An author says we all pay too little for water, which encourages waste of a precious resource with an uncertain future.

Water runs our world yet we take it completely for granted. In his mind-opening new narrative, The Big Thirst, journalist Charles Fishman takes readers on a fascinating journey from the moons of Saturn to the hotels of  Las Vegas.

The golden age of abundant, free and safe water is over, says Fishman. The problem is most people in the developed world don’t know it.

While he was in Seattle earlier this month, Fishman took time for an interview. Here is an edited version of the discussion.

Martha Baskin: Much has been written about the global water crisis. In The Big Thirst you prefer to talk about thousands of water crises happening all over the world. Some are from drought, others from climate turmoil, still others from insufficient water systems. Why did you take this approach?

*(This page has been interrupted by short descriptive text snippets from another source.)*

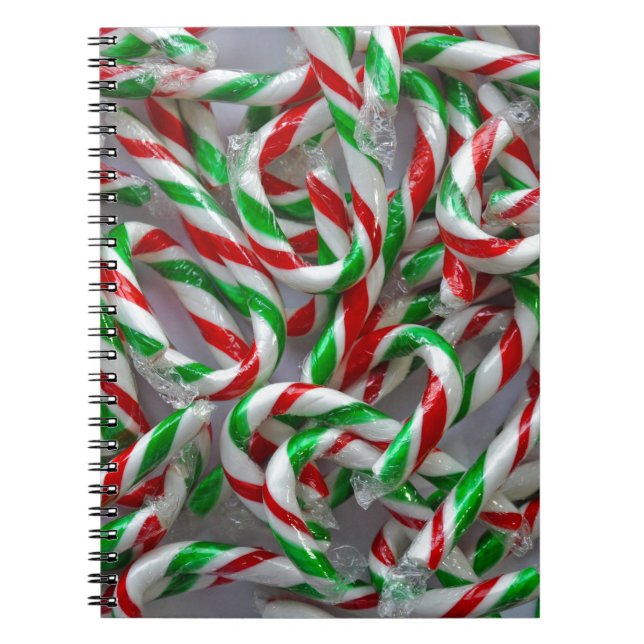 Christmas candy cane pattern spiral notebook (Front)
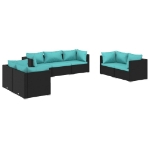 Set Divani da Giardino 7 pz con Cuscini in Polyrattan Nero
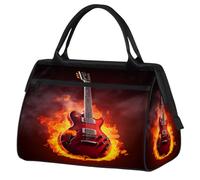Borsa da palestra per chitarra con fuoco musicale, per uomini e donne, borsone da viaggio per sport e viaggi, impermeabile, borsa da viaggio per il fine settimana, borsa leggera da portare a mano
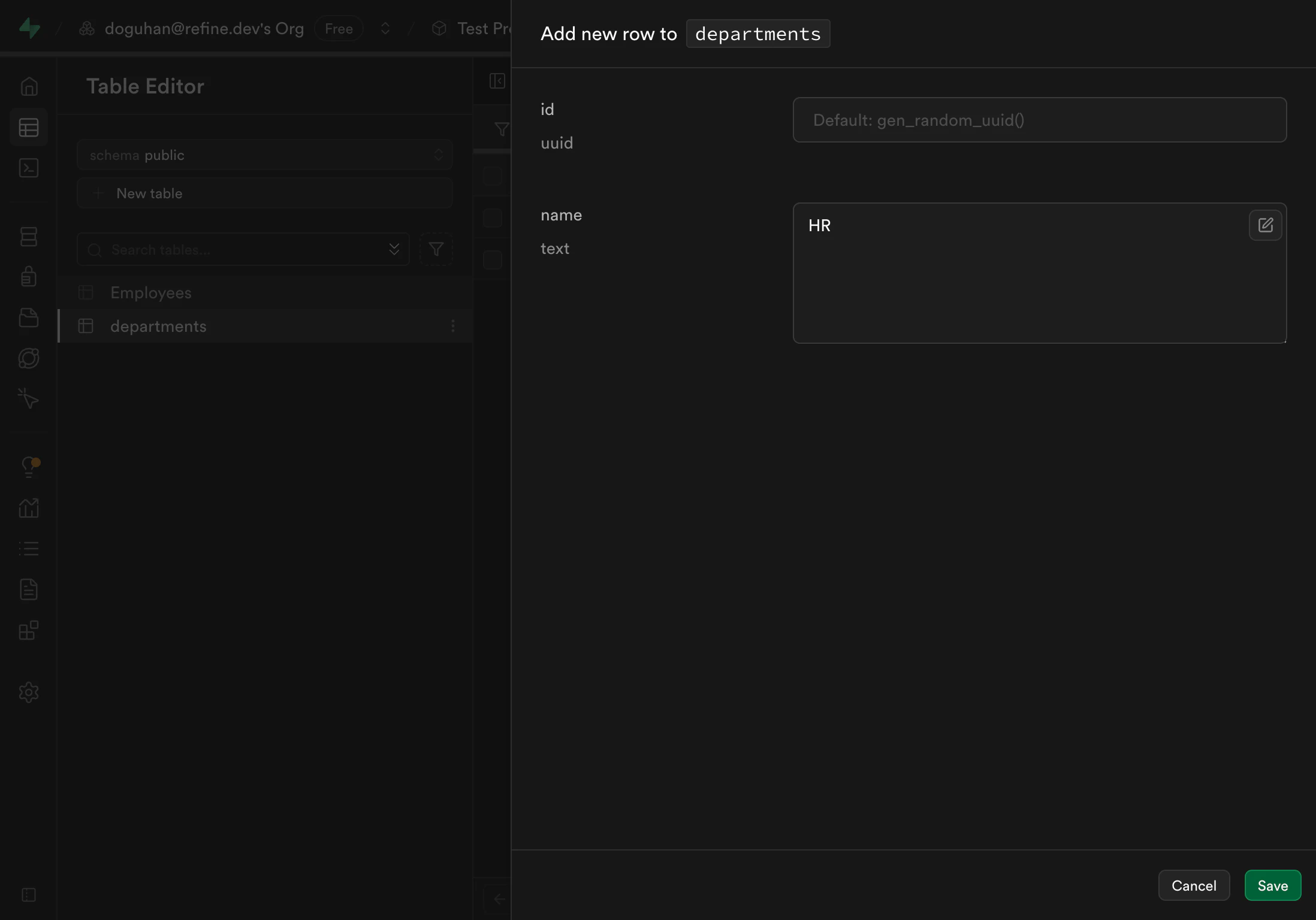 Supabase Project Editor Schema Public
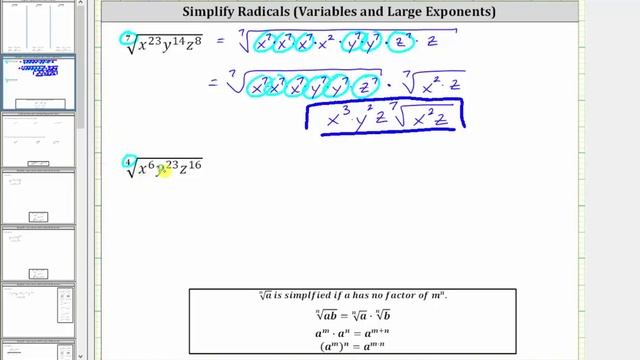 Simplify Radicals with Variables (Large Index and Exponents) смотреть онлайн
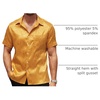 image:imageCOOFANDY Mens Silk Button Down Short Sleeve Dress Shirt02 Golden Yellow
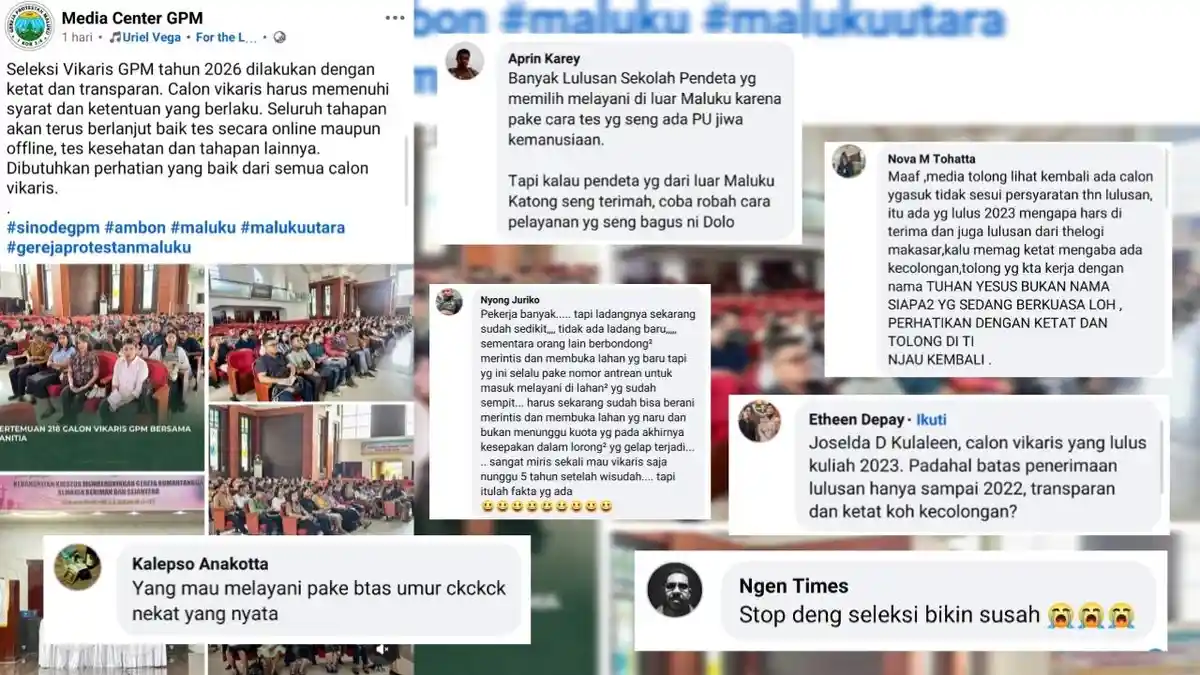 Seleksi Vikaris GPM 2026 Tuai Polemik di Medsos, Netizen Soroti Dugaan Ketidaksesuaian Syarat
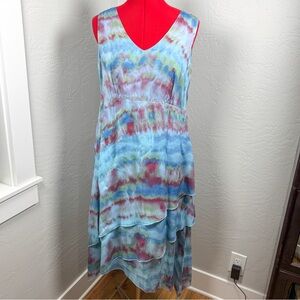 CLICK by Color Me Cotton 100%Rayon Tie Dye Tiered Midi Dress M USA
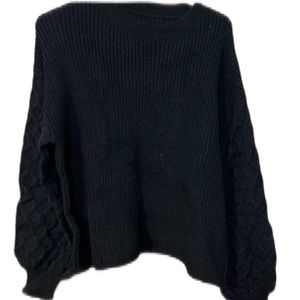 BWQ Black Knit Pullover Sweater Women’s Size Medium  NWT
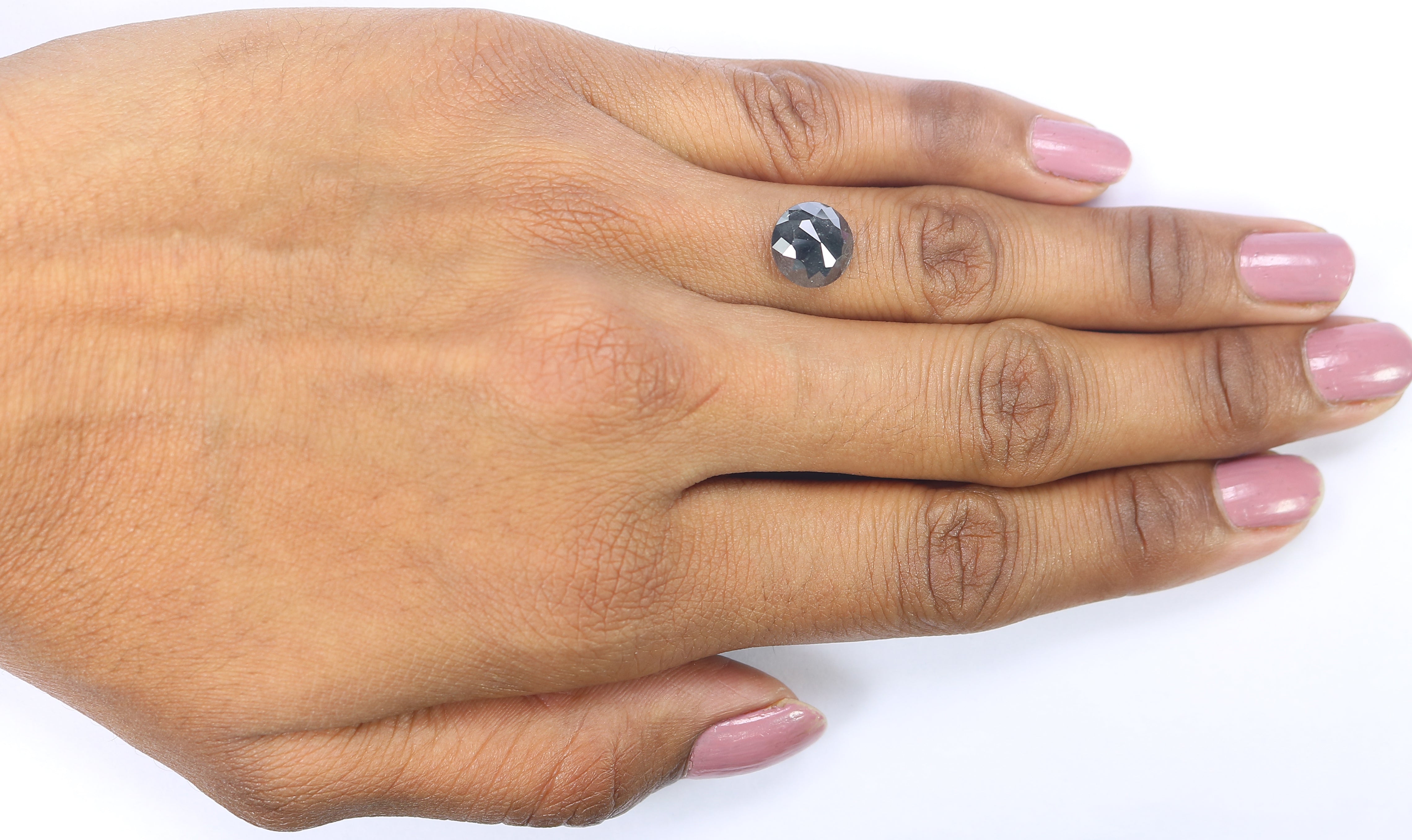2.69 Ct Natural Loose Round Rose Cut Diamond Black Color Rose Cut Diamond 9.00 MM Natural Loose Diamond Black Round Rose Cut Diamond QL180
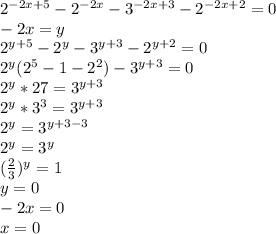 2^{-2x+5}-2^{-2x}-3^{-2x+3}-2^{-2x+2}=0&#10;\\-2x=y&#10;\\2^{y+5}-2^y-3^{y+3}-2^{y+2}=0&#10;\\2^y(2^5-1-2^2)-3^{y+3}=0&#10;\\2^y*27=3^{y+3}&#10;\\2^y*3^3=3^{y+3}&#10;\\2^y=3^{y+3-3}&#10;\\2^y=3^y&#10;\\ (\frac{2}{3})^y=1&#10;\\y=0&#10;\\-2x=0&#10;\\x=0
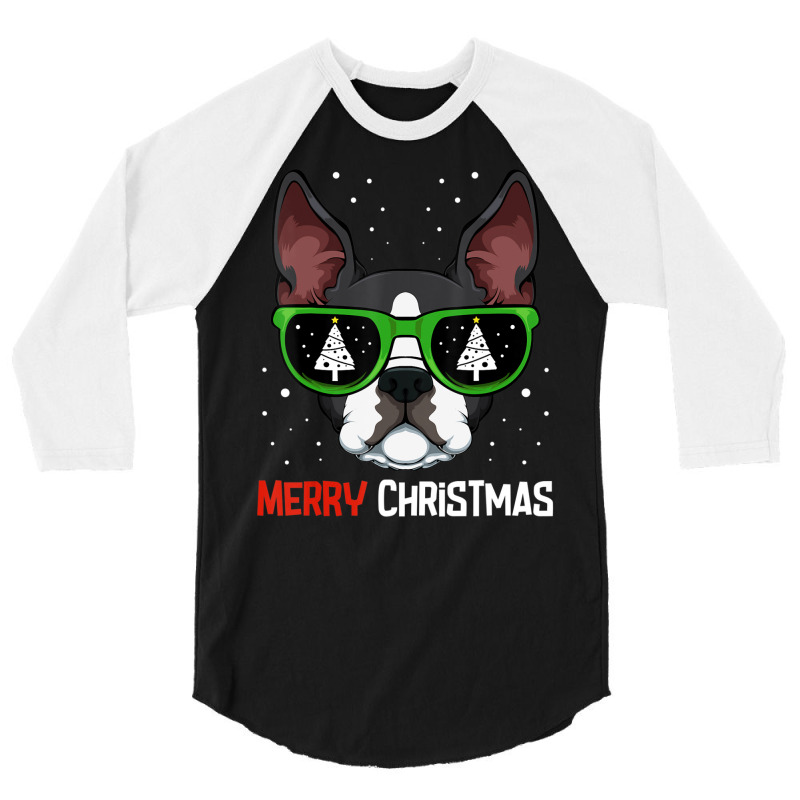 Boston Terrier Christmas Pajama Dog Sunglasses X Mas Tree 3/4 Sleeve Shirt | Artistshot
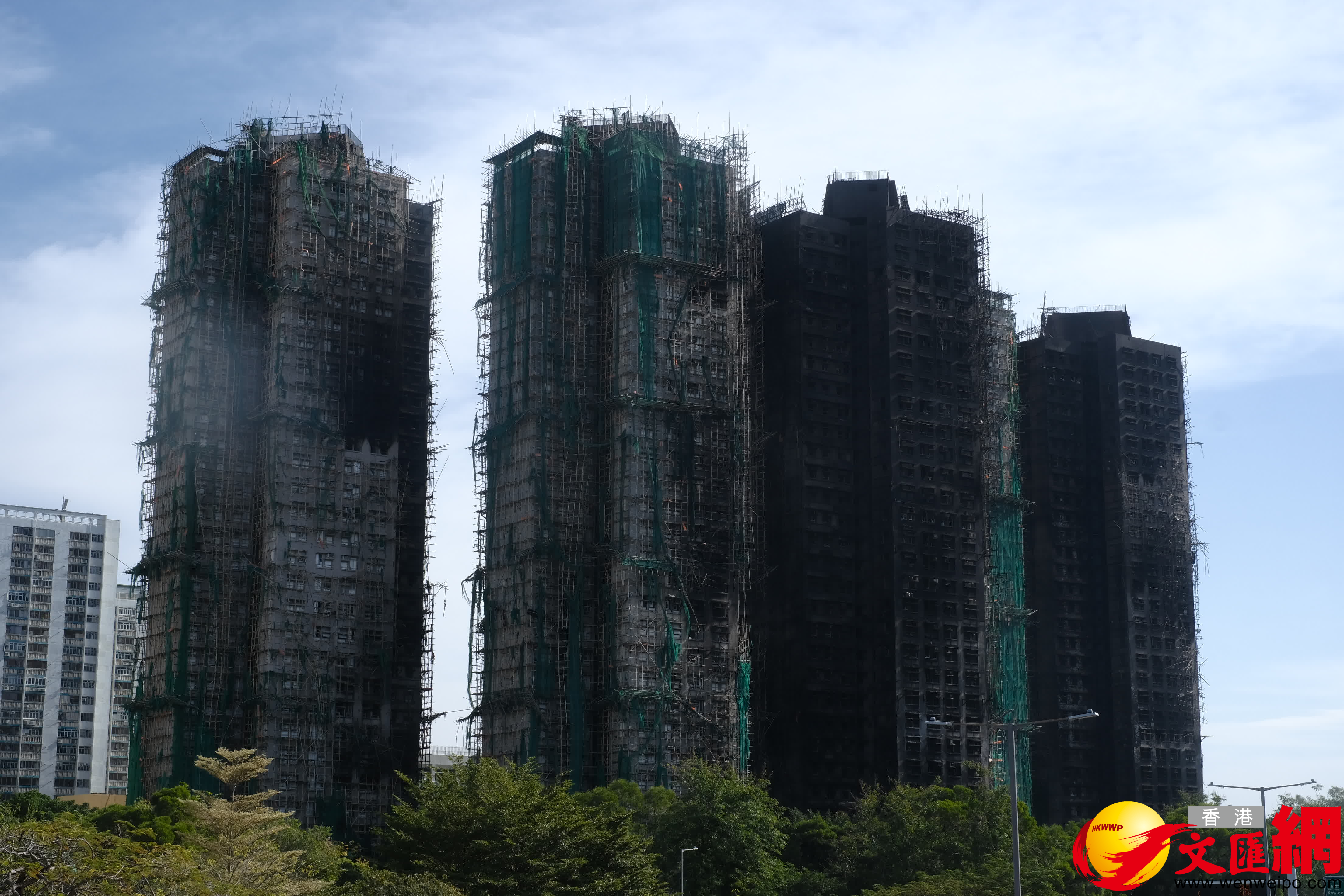 大埔宏福苑現場情況。（香港文汇报涂穴攝）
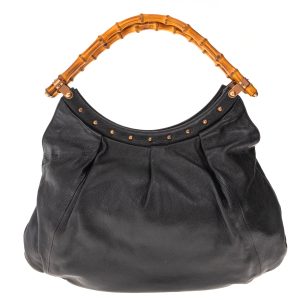 Bolsa Gucci Bamboo Tote Couro Preto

Charles Fishman: I think talking about the global water crisis actually has the opposite impact of what water people hope it will do. I think people have too many global crises. There’s a global economic crisis and a global climate crisis, a global health crisis. If you add another crisis people will throw up their hands and say I’m already waking up at 4:30 in the morning to deal with the crises I’ve got, I can’t handle another one. But also it’s not really true.

The water problems of Seattle and of Atlanta, the water problems of Dallas and Delhi, and the water problems of Barcelona are all separate. If Atlanta has a water crisis and actually does smart things to fix that crisis, Orlando and Louisville and Charlotte can’t undo the solution that Atlanta puts in place.  By the same token if Atlanta which is kind of cavalier about its water and doesn’t manage its water gets into a crisis, there’s nothing Orlando or Charlotte can do. So there is no global water crisis precisely because all water problems are local, not on your block, but in your community or your region and that’s the only place they can be solved.

Baskin: You suggest because water systems are hidden, almost secretive in the developed world, we don’t understand the golden age of water abundance may be coming to an end. We remain out of touch, despite droughts and record floods that have wrecked water supplies. Most of the nation flushes its toilets with clean drinking water!

Fishman: We flush our toilets with cleaner water than one of seven people has access to every day. They would love to drink out of our toilets. The water system in the U.S. and most of the developed world is a kind of a marvel, a human created miracle. Even a hundred years ago or hundred and ten years ago, at the turn of the last century, most everybody still had to think about water every day. It really made large, economically energetic cities possible because it was suddenly safe to live in the city. After water purification was discovered and put in place it changed the dynamic. And part of the ethic – there were two elements -  one was we’re going to see that cities get as much water as they need so you never say you can’t grow because there’s no more water.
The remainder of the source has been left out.